* [Data for processing]

-- Opening Marker --

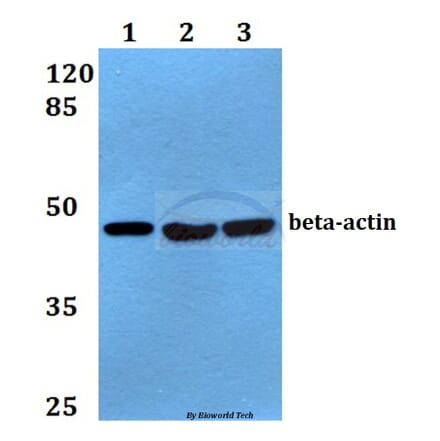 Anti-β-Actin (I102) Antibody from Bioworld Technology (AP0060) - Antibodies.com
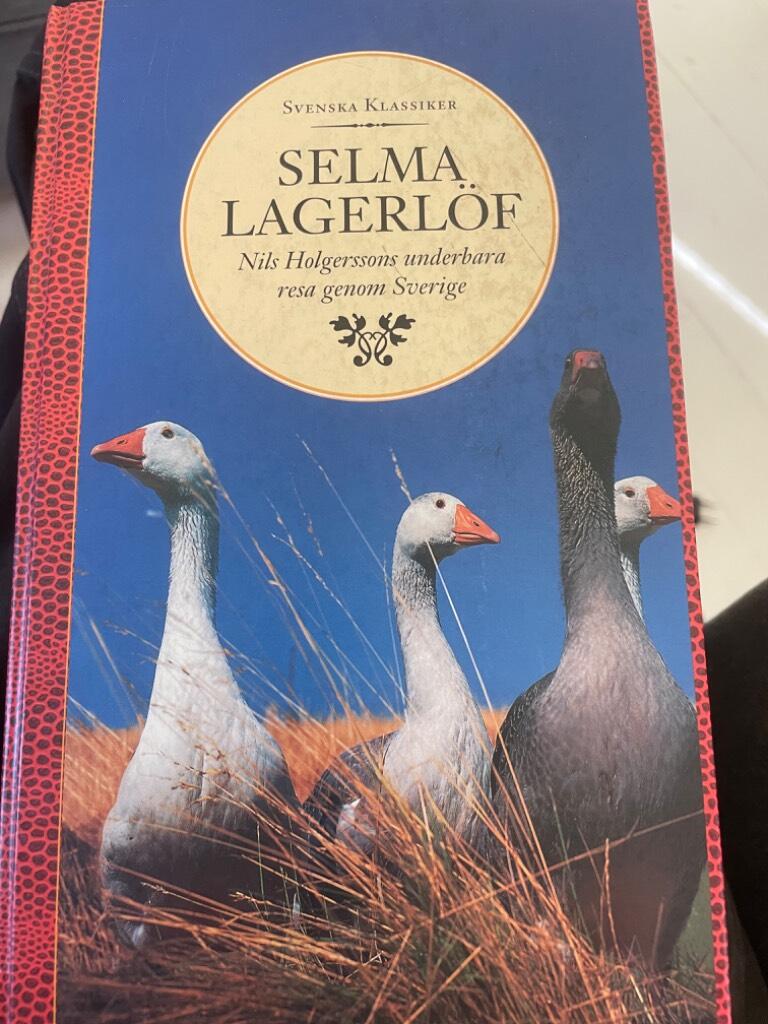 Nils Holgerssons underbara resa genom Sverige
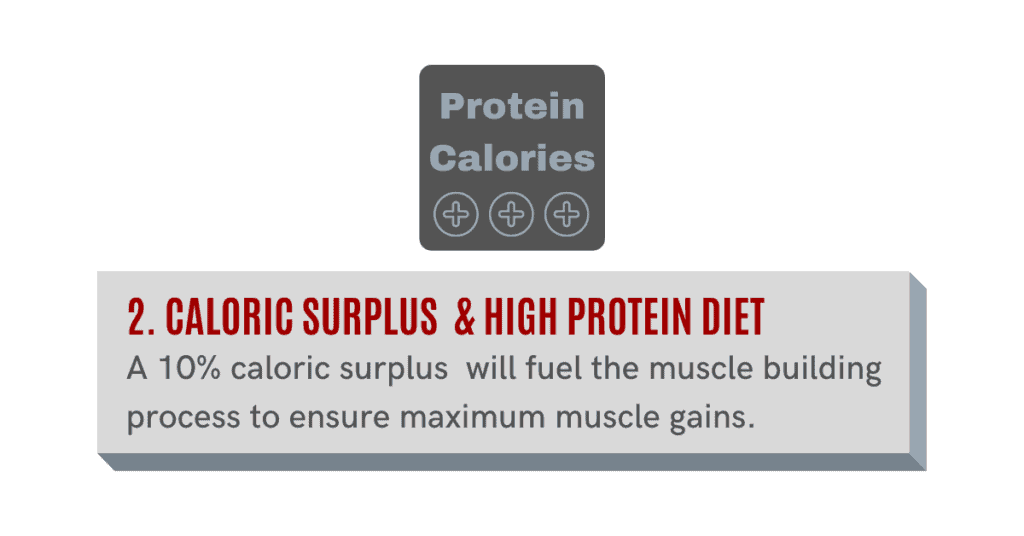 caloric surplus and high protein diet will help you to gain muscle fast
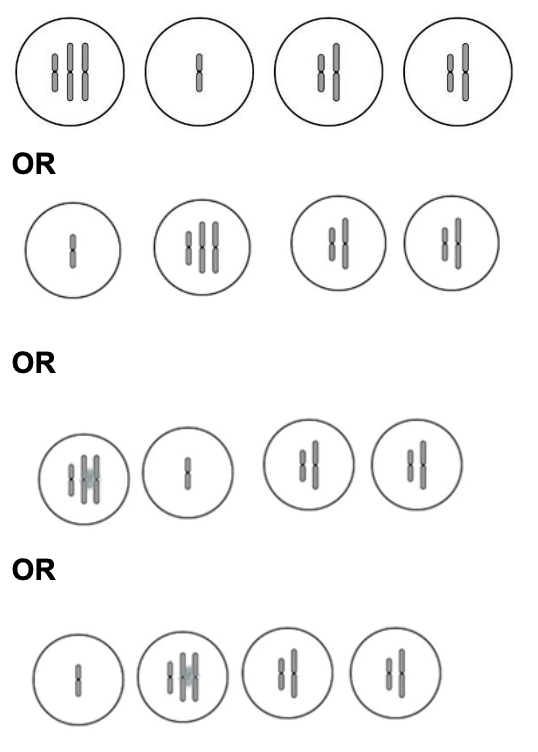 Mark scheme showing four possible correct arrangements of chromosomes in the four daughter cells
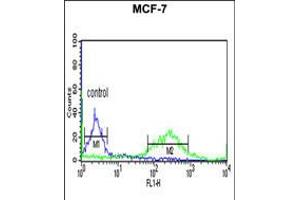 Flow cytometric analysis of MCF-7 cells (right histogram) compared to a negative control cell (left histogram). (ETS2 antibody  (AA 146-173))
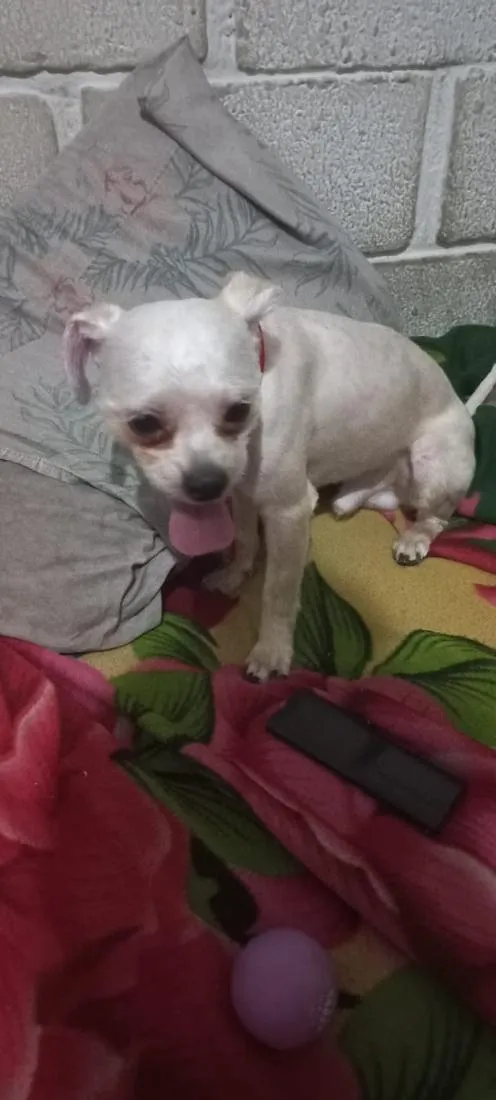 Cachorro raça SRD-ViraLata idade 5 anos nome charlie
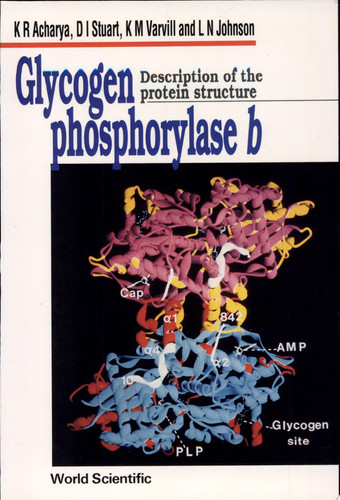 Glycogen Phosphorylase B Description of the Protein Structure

-- Closing Marker --
-- Opening Marker --

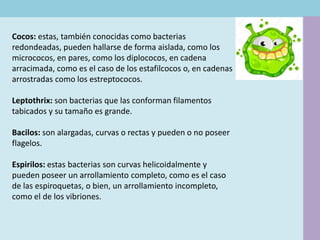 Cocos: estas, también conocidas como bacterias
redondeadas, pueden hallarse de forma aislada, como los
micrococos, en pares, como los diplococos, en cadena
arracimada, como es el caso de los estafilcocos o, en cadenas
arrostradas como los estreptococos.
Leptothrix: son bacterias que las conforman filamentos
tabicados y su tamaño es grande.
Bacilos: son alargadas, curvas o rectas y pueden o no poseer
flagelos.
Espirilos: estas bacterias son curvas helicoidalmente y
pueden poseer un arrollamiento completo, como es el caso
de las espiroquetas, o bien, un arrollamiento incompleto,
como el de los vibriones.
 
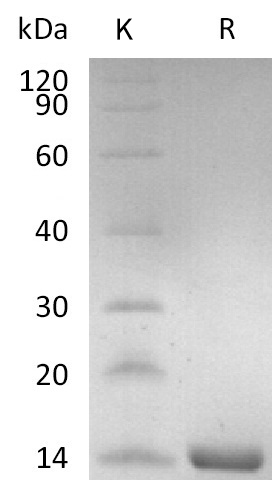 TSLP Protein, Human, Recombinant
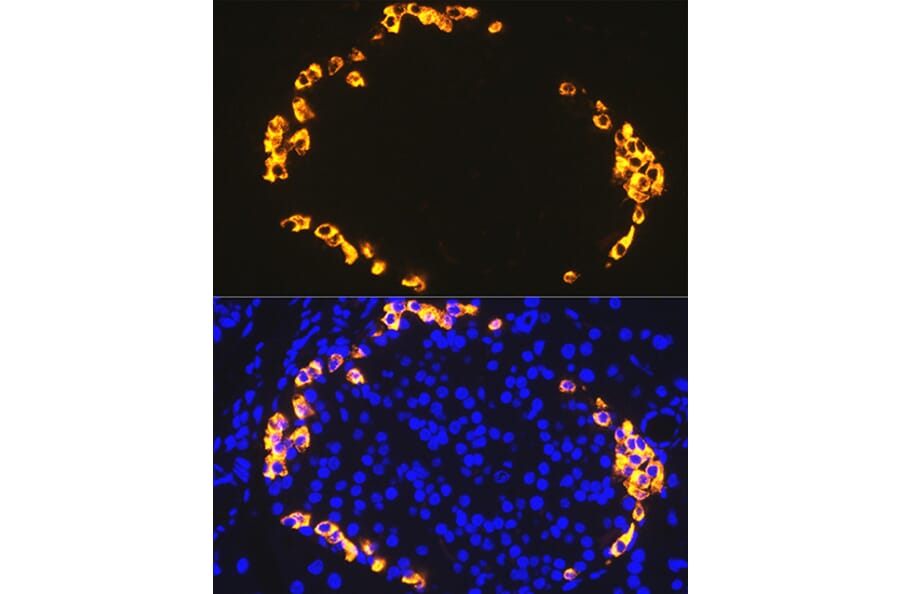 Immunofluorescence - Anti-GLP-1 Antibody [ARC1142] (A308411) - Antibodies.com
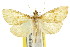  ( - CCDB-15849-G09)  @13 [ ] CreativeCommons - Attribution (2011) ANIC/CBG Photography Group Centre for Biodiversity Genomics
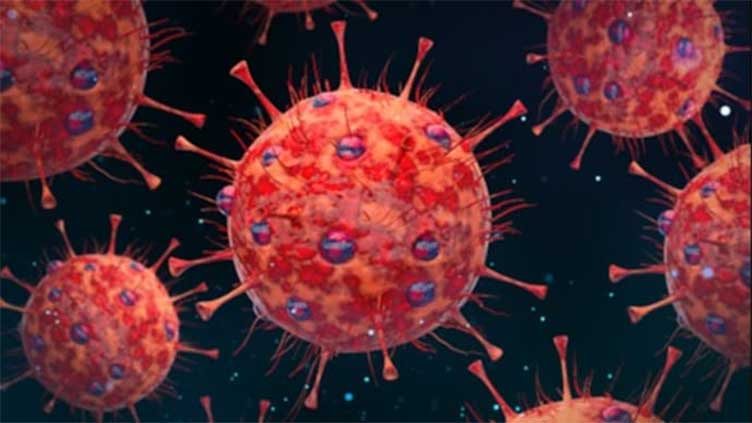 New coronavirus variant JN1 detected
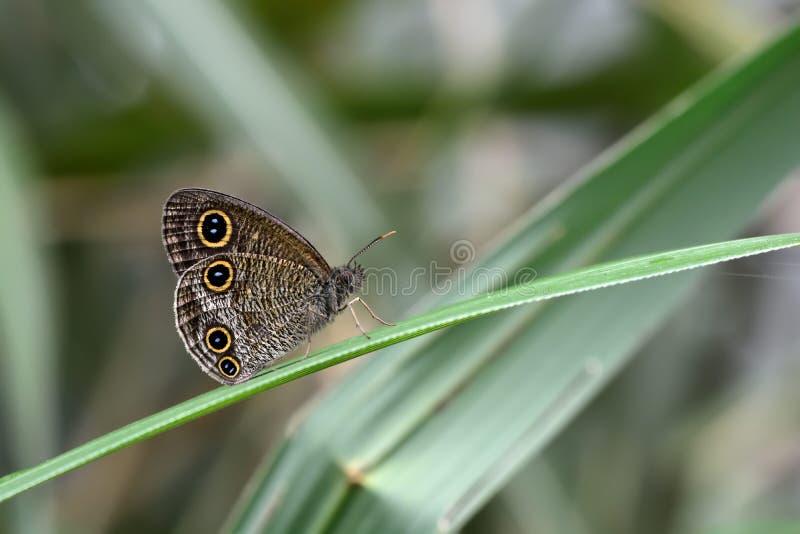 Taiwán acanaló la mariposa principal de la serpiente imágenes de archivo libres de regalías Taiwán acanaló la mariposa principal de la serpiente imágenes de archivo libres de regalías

-- Closing Marker --
-- Opening Marker --

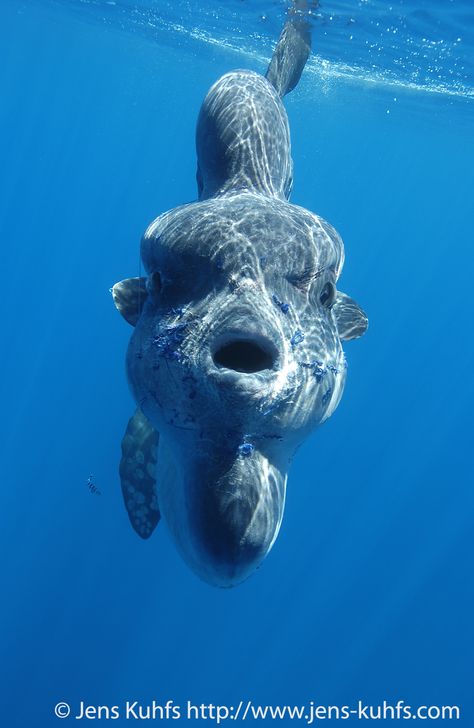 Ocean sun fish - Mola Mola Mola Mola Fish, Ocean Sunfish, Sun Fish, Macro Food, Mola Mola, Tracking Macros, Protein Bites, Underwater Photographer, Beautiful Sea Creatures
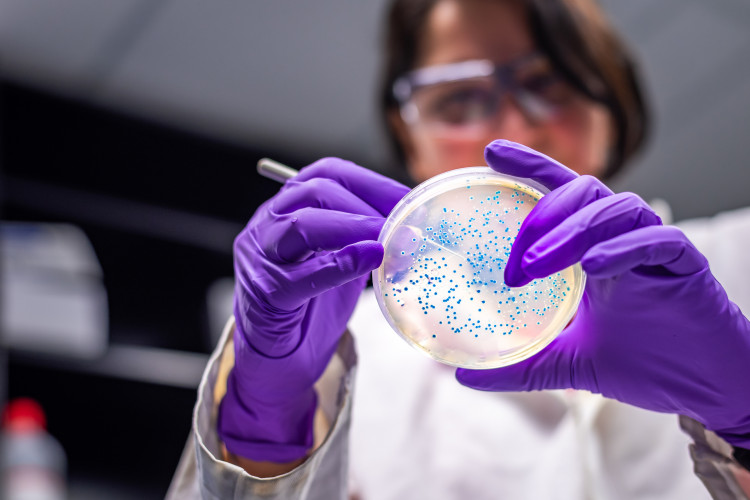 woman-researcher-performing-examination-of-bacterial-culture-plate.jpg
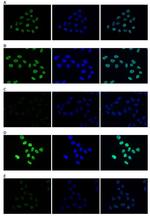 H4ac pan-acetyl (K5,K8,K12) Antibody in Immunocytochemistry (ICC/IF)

-- Closing Marker --

* [Exercise goal] Go through the material above and count the lines that include "caso". Give the number alone.

* [The completed task] 2